In deze zaak heeft de kantonrechter van de Rechtbank Noord-Holland op 21 oktober 2020 uitspraak gedaan in een geschil tussen een passagier en de luchtvaartmaatschappij Deutsche Lufthansa Aktiengesellschaft. De passagier had een vordering ingesteld wegens vertraging van zijn vlucht van Delhi naar München, die op 26 mei 2019 plaatsvond. De passagier arriveerde met een vertraging van 78 minuten in München, waardoor hij zijn aansluitende vlucht naar Amsterdam miste en uiteindelijk meer dan drie uur later op zijn eindbestemming aankwam. De passagier vorderde compensatie van € 600,00 op basis van de Verordening (EG) nr. 261/2004, die regels vaststelt voor compensatie en bijstand aan luchtreizigers bij vertragingen.

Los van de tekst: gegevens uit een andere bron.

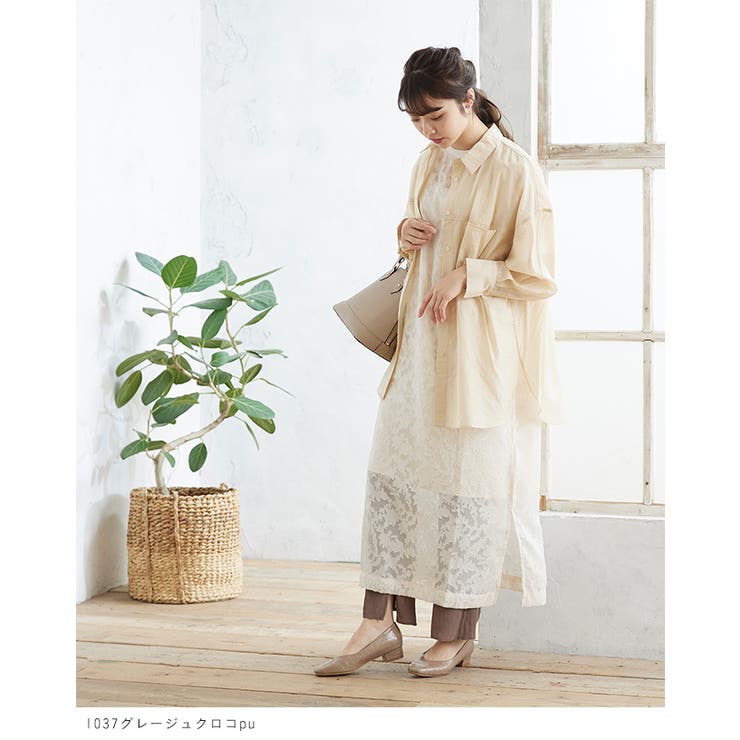 Vカット スクエアトゥ チャンキーヒール | welleg | 詳細画像13 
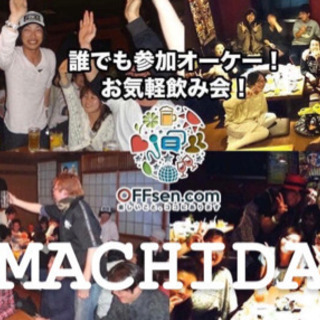 東京都 町田駅の飲み会 メンバー募集 ジモティー 東京都 町田駅の飲み会 メンバー募集 ジモティー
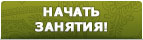 Начать занятия! Начать занятия!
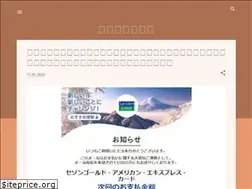 Sites similar to yururina.com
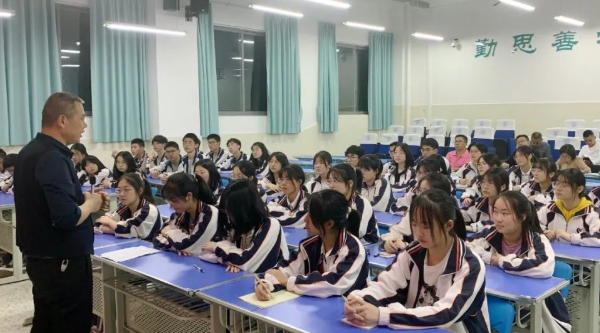 青神中学校新校区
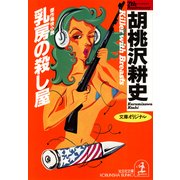 乳房の殺し屋（光文社） [電子書籍]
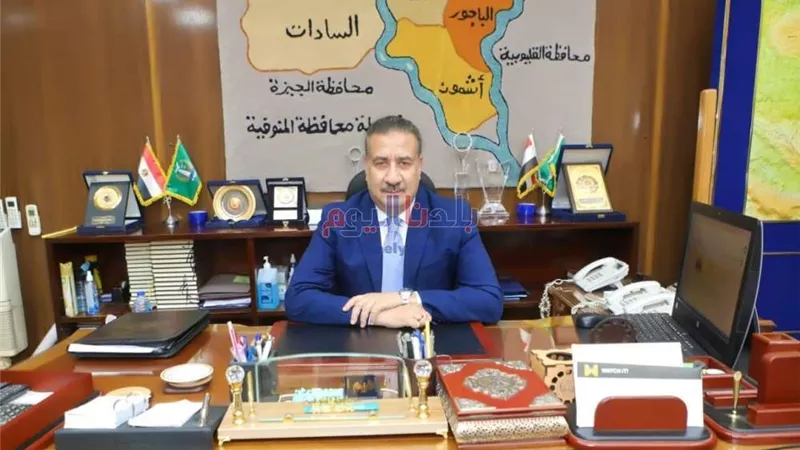 صرف مساعدات مالية لأكثر من 30 حالة في المنوفية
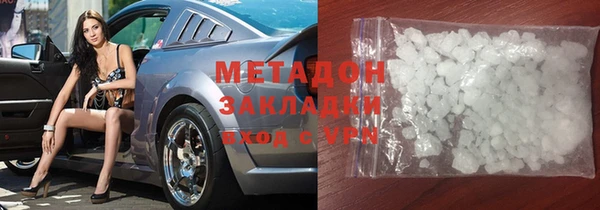 эйфоретик Вяземский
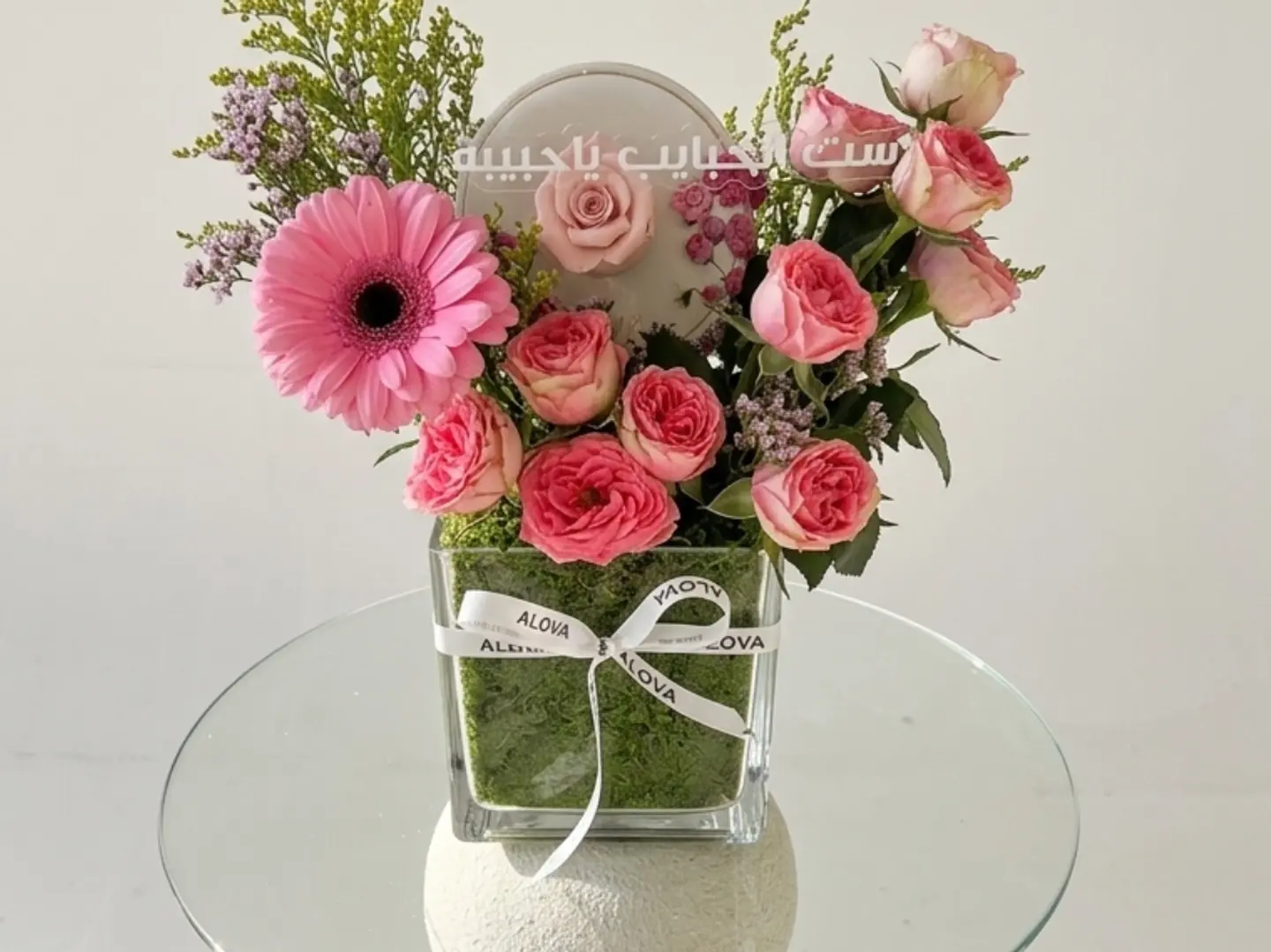 فازة ست الحبايب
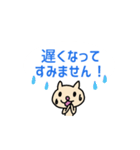 連絡ねこ（敬語編）（個別スタンプ：9）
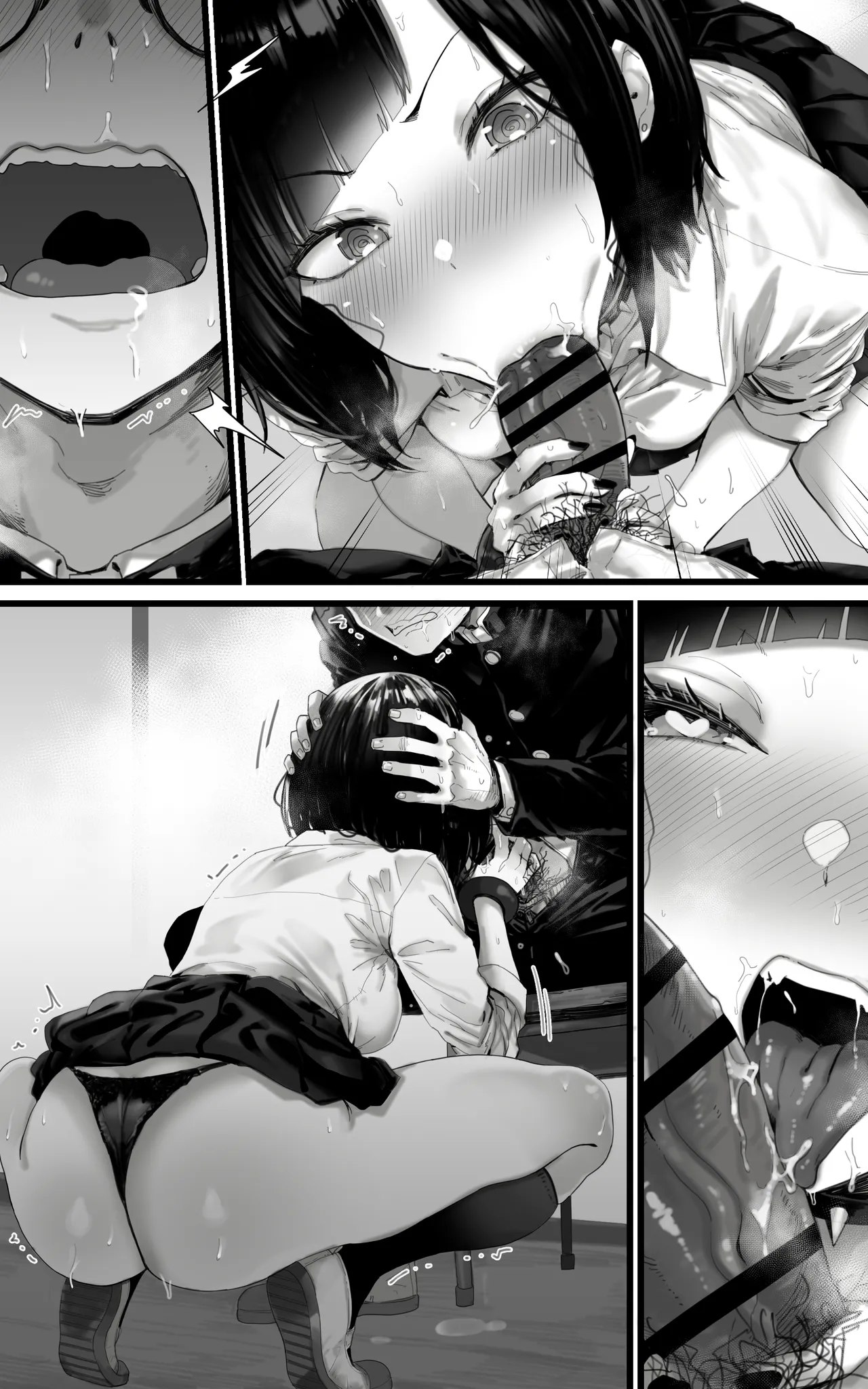 [Toneri Dan]Okazu Gyaru Harem~ Maou-sama ga Kakusei Suru Made Fera mo Paizuri mo 3p mo Nani Kara Nani Made Zenshin Zenrei de Gohoushi Itashimasu!! Page 59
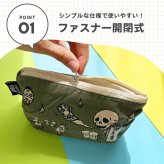 ポーチ コスメポーチ マチ付き テクノプライム PO キャンバスポーチ バナナ おもしろ おもしろい レトロ 化粧ポーチ 軽い 小物 小分け トラベルポーチ ミニ ミニポーチ 小さめ 小さい プチギフト ギフト 贈り物 ペンケース ペンポーチ 筆箱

De vervoerder betwistte de vordering en voerde aan dat de passagier voldoende overstaptijd had om zijn aansluitende vlucht te halen. Daarnaast stelde de vervoerder dat de vertraging het gevolg was van buitengewone omstandigheden, namelijk de sluiting van het Pakistaanse luchtruim, waardoor de vlucht een langere route moest nemen. De kantonrechter oordeelde dat de vervoerder onvoldoende had aangetoond dat de vertraging daadwerkelijk het gevolg was van deze buitengewone omstandigheden. De rechter concludeerde dat de passagier recht had op de gevorderde compensatie, omdat niet was komen vast te staan dat de passagier voldoende overstaptijd had en de vervoerder niet had bewezen dat de vertraging door buitengewone omstandigheden was veroorzaakt.
De kantonrechter heeft de vervoerder veroordeeld tot betaling van € 600,00 aan de passagier, vermeerderd met wettelijke rente, en de proceskosten aan de kant van de passagier. De vordering tot vergoeding van buitengerechtelijke incassokosten werd afgewezen, omdat de passagier onvoldoende had aangetoond dat deze kosten gerechtvaardigd waren. Het vonnis is uitvoerbaar bij voorraad verklaard.